So now we have established a way of generating random numbers on an FPGA and testing their uniformity, lets look at a better uniform random number generation algorithm, Mercenne Twister.
There is C-code provided for this here:

http://www.math.sci.hiroshima-u.ac.jp/~m-mat/MT/emt.html

I did a fairly naive implementation on this for targetting an FPGA and after the initialization phase (which only happens once after reset), it generates a random number every 3 cycles.

The way the algorithm works on FPGA is that we have a RAM of 624 elements and we iterate over this RAM and read-modify-writing the values with new calculated values usually based on the ith and i+1th element.

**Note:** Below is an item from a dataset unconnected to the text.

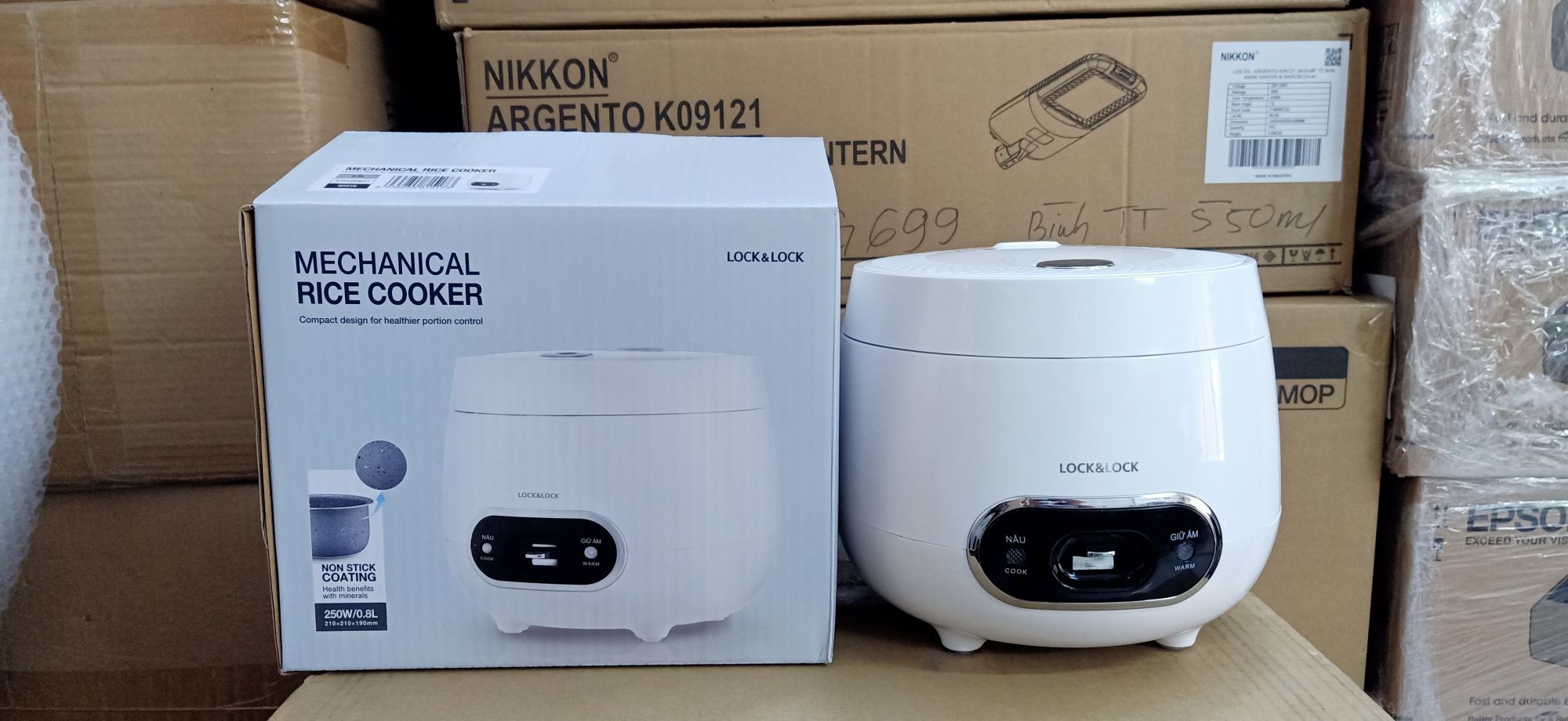 Nồi cơm điện mini lock&lock ejr426 dung tích 0.8 lít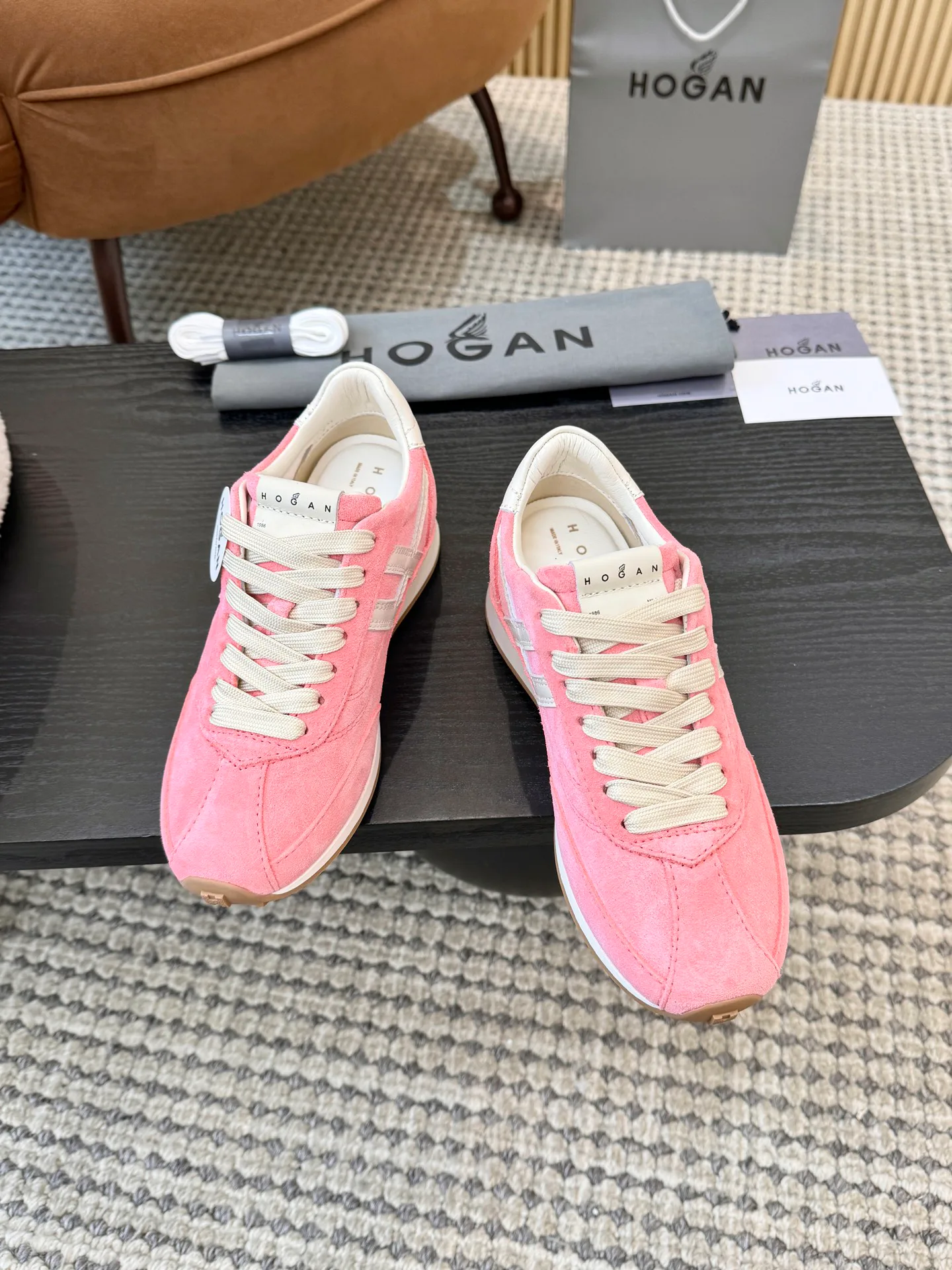 Кроссовки Женские Hogan 13332729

The verilog code can be found here:

http://github.com/scottwilson46/FPGARandom

Simulation

The testbench used in the previous post:

http://scottwilson46.github.io/fpga/random/prbs/2014/07/06/fpga-random-prbs/

was modified to use the mercenne twister code rather than the PRBS.

To run the simulation yourself, you will need to install both icarus verilog and gtkwave:

http://iverilog.icarus.com/home

and

http://gtkwave.sourceforge.net/

You can then use the run script in the verilog directory to set off the simulation (source run_mercenne_sim).

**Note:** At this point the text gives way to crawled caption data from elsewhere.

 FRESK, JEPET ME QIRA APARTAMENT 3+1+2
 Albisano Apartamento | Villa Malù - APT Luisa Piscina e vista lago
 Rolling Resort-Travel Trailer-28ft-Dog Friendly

When we run the simulation, we can see that the calculated value for pi is a lot closer to what we expect it to be than using the PRBS version which would suggest that the mercenne twister random number generator is a lot more uniform.

Timing

So, again lets compare the performance between the naive FPGA implementation and the CPU version. I modified the c-code in:

http://github.com/scottwilson46/FPGARandom

and instead of using the PRBS random number generator, pulled in the mercenne twister source code and used the function:

genrand_int31() 

instead. To compile it yourself, download the mercenne twister source code from here:

http://www.math.sci.hiroshima-u.ac.jp/~m-mat/MT/MT2002/emt19937ar.html

and compile using:

gcc mt19937ac.c calc_pi_mercenne.c

For 1,000,000 iterations of the monte-carlo simulation on a CPU (using the 1.7GHz Intel Core i7 on my Macbook Air) the time comes out as around 40ms.

For the FPGA version, synthesizing the code in Quartus gives us a maximum frequency of 90MHz (again the multipliers are the slowest paths).

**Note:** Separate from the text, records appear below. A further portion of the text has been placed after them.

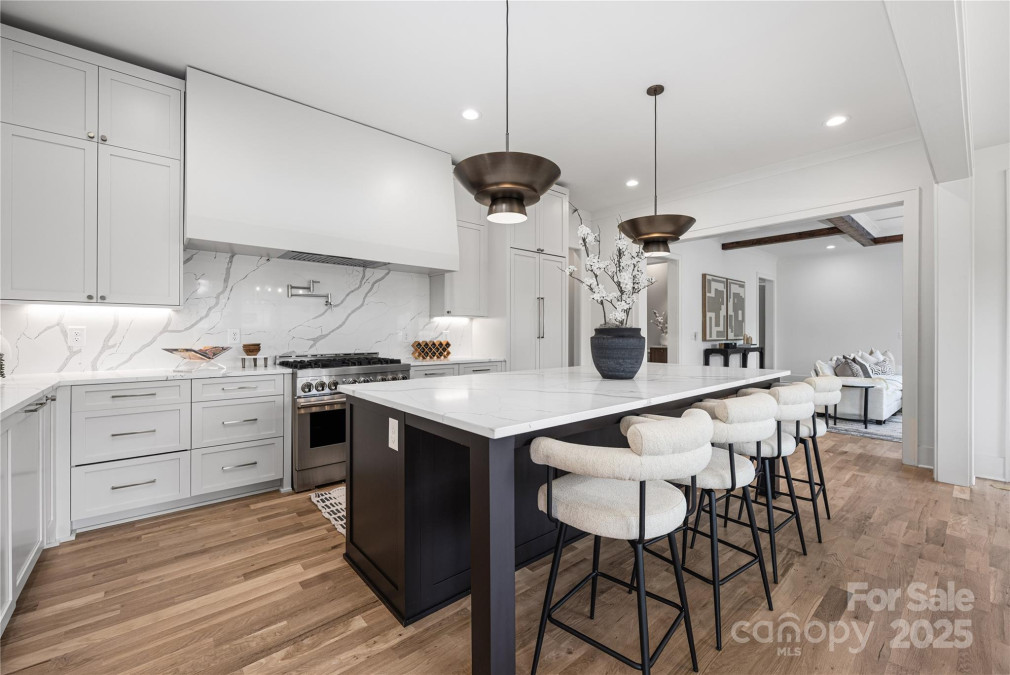 1817 Union St Charlotte, NC 28205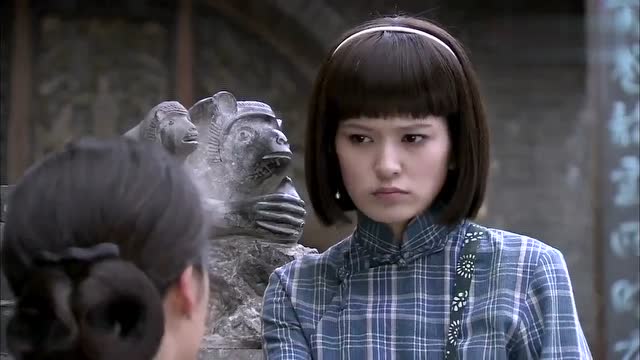 铁梨花雅琴还真有两下子,不让出门就爬墙头!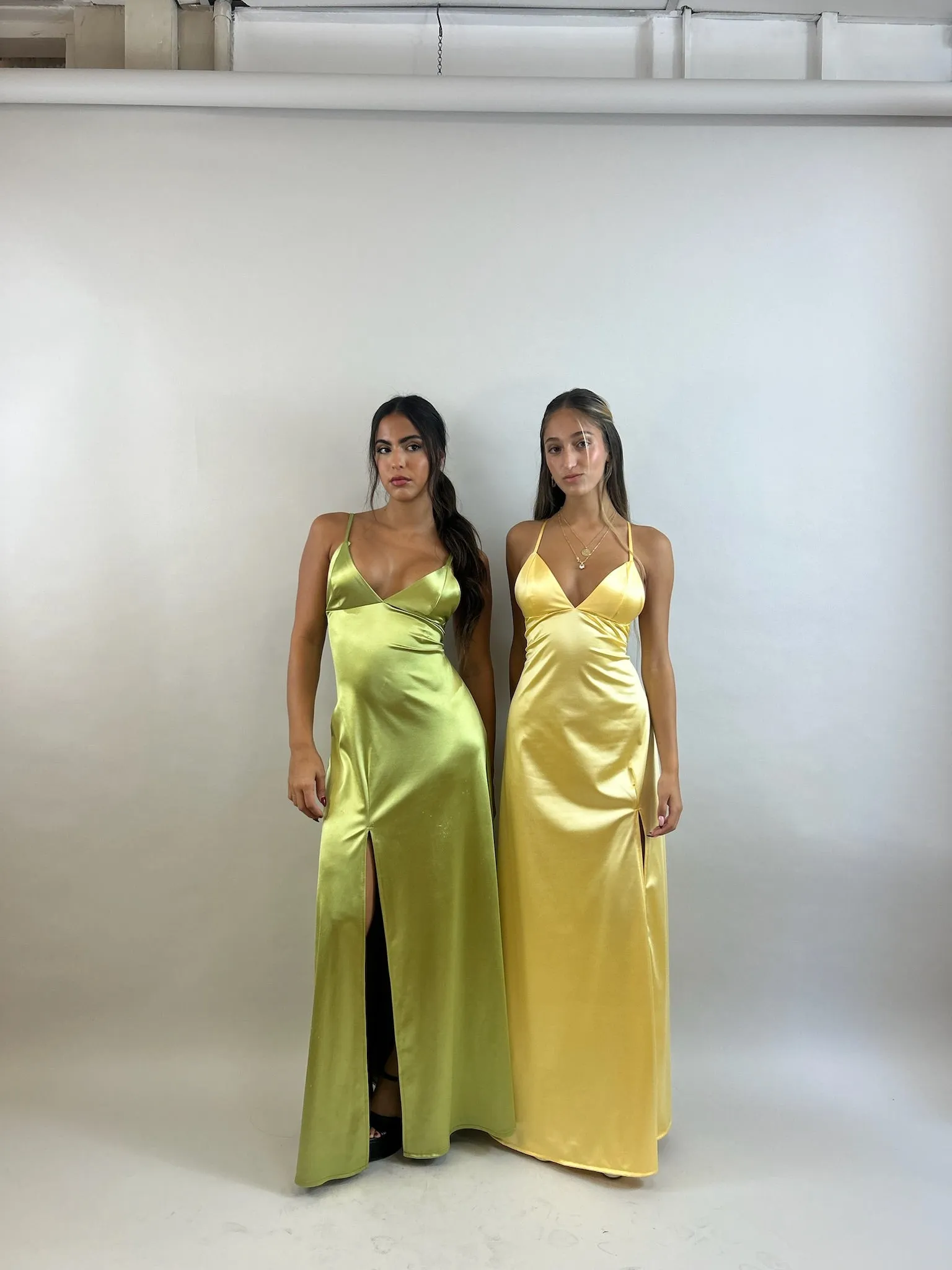 Jessy - Bright Green V-Neck Satin Evening Dress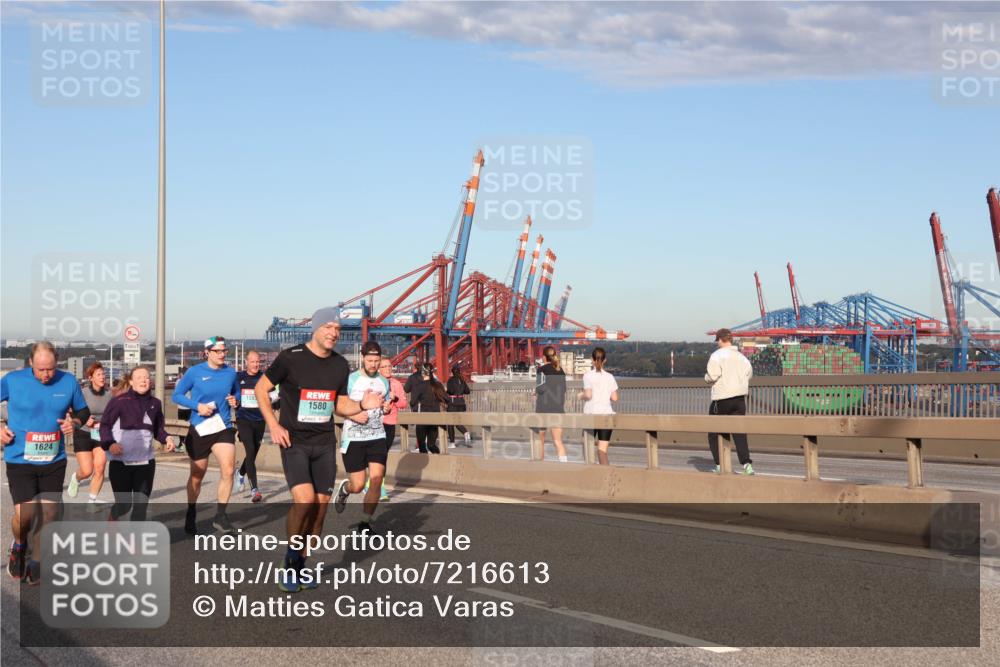 03.10.2024 - Köhlbrandbrückenlauf Matties Gatica Varas http://msf.ph/oto/7216613 03.10.2024 09:39:51 Position 2 1624, 159, 1580 meine-sportfotos.de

THis would give us (assuming 1 iteration every 3 cycles):

(1/30e6) * 1e6 * 1e3 = 33ms

So the FPGA implementation is still faster, however it could be made faster still by pipelining the initialization part of the algorithm because thats the only bit that uses multipliers.

Added bonus:

Another pretty good uniform random number generator is the Tausworth Generator. I created some verilog code for this too (in the same repo). The advantage of this method is it is a lot less comutationally complex than using Mercenne Twister so the FPGA can again run at increased frequency and it generates a new random number every cycle so the speed for 1,000,000 iterations would be:

1/150e6 * 1e6 * 1e3 = 6.7ms

I also did a software version of this too (in the c directory which took 28ms to run so again the FPGA version is over 4 times faster.